課長と私
真っ暗闇に包まれた視界。
目を閉じているからだと分かっているが、開くことが今の私にとっては大変だ。
頭も痛い。お寺の鐘が頭の中でずっと鳴り続けている感じだ。
その都度微かな吐き気もする。
朝から何も胃には入ってないと思ったが、出そうな感じ…
そんな中、誰かに抱きかかえられて移動している感覚だけが分かる。
「楓」
この声は分かる。亮くんだ。
「楓!」
緩奈の声もする。
泣きそうな声色だ。
目をゆっくり開ける。
日差しが入ったベッドの上のようで眩しい。
家じゃないのは確かだ。
「う……」
「あっ!楓!良かった、楓!課長!」
「こら、病人の近くで騒がないの。」
医務室の先生が注意した。
入社してから初めて来たかもしれない。
先生と緩奈の様子が面白くて、私は自分でも感じるくらい弱弱しく笑った。
「楓。
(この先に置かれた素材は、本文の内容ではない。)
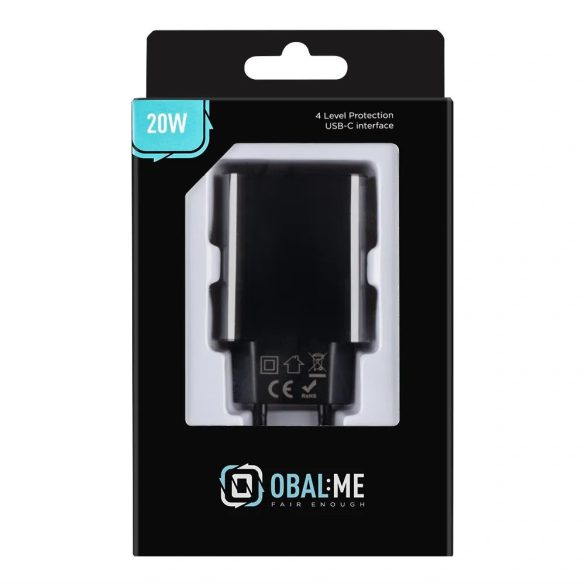 OBAL:ME Wall Charger USB-C hálózati adapter, PD, 20W, fekete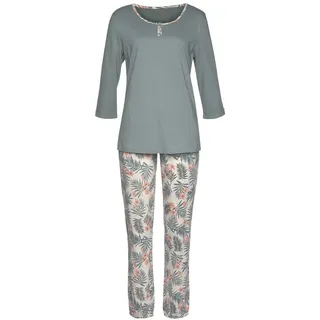 LASCANA Damen Pyjama grün-sand Gr.32/34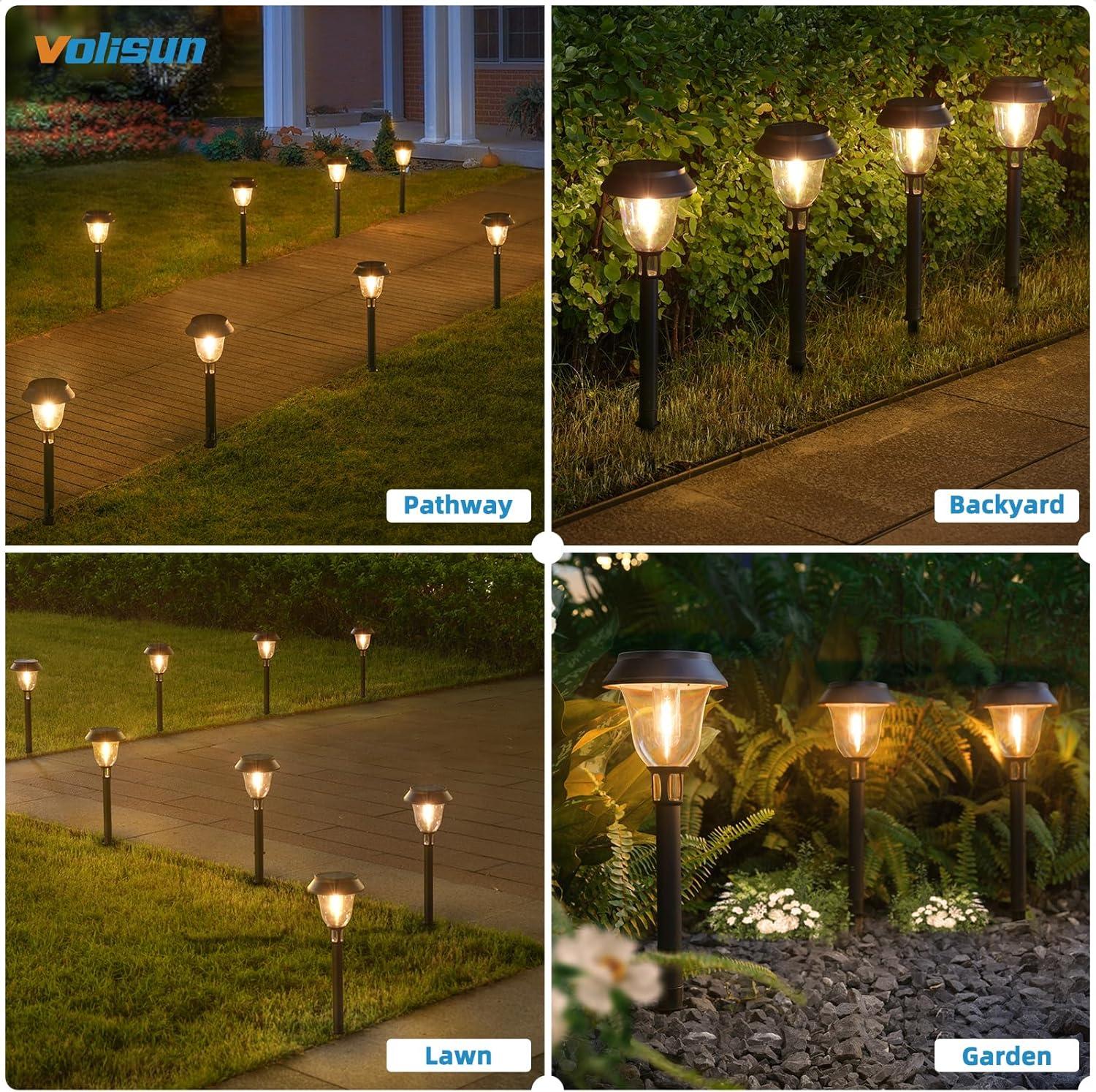 Solar Black Integrated LED Path Lights with Clear Lens (8-Pack)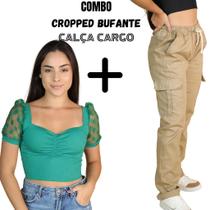 Combo 1 Calça Masculina Cargo Boca Larga Com Elástico + 1 Cropped Feminino Manga Bufante Tule Poá Com Bojo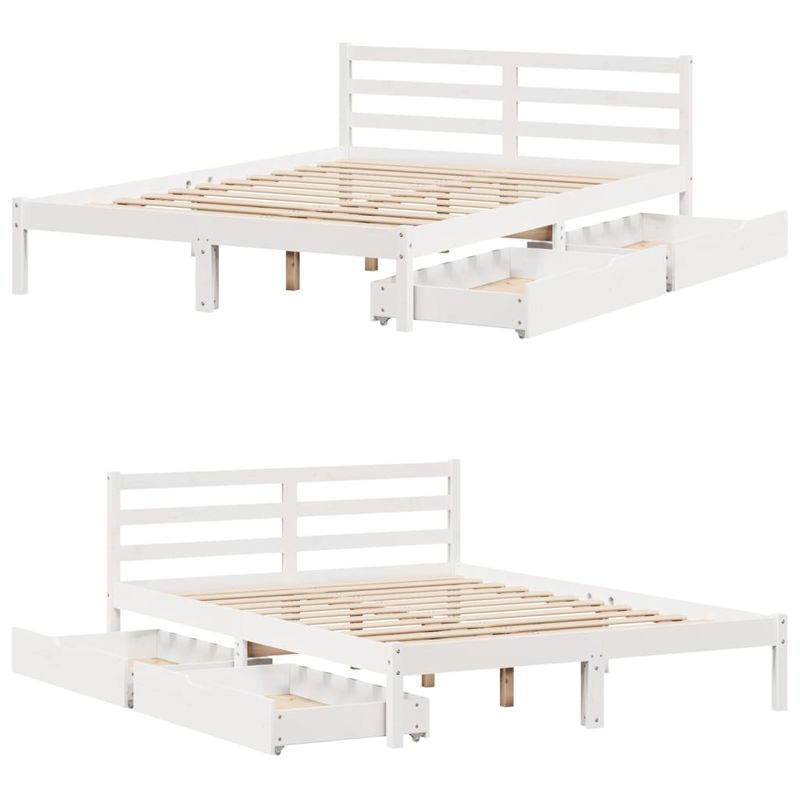 Casa si Gradina - Mobilier - Paturi si accesorii - Paturi - Cadru de pat fara saltea, alb, 140x200 cm, lemn masiv pin - Infinity.ro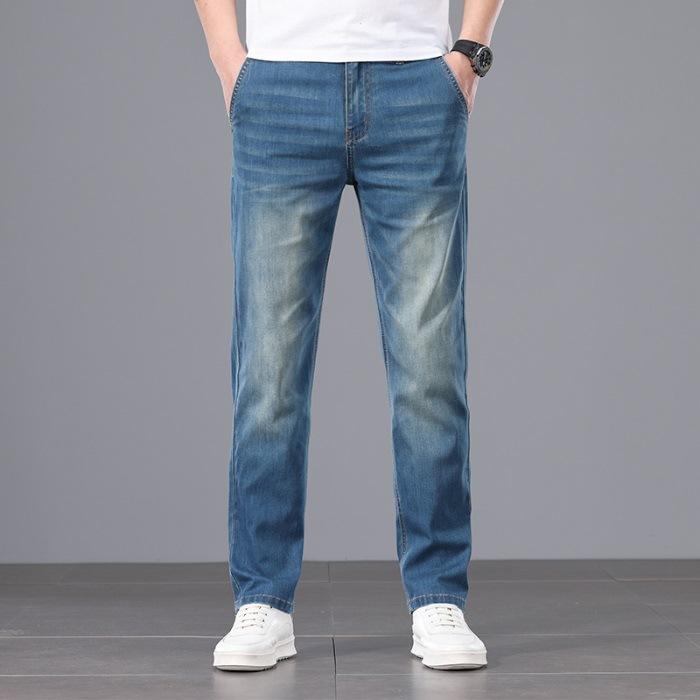 

High Waist Loose Light Business Straight Jean Trousers Densely Woven Elastic Denim Fabric Soft 29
」
「りょ……あ、か…課長……」
「だから言ったのに…」
たぶん朝の会話のことだろう。
こうなってしまった今を思うと、彼の言うことを聞いておけばよかったと思う。
「須藤さん。起きたついででちょっとお話し良い?」
先生に話しかけられて、先輩に支えられながら上体を起こした。
「具合が悪かったのは今日が初めて?」
「えっと…ここ最近少し体がだるくて…風邪かなぁなんて。」
「楓、お昼あんまり食べなくなったよね。気持ち悪いとか言ってさ…」
緩奈の言葉にゆっくり頷く。
「食欲も無かったってことね?」
先生がカルテか何かにサラサラと記入する。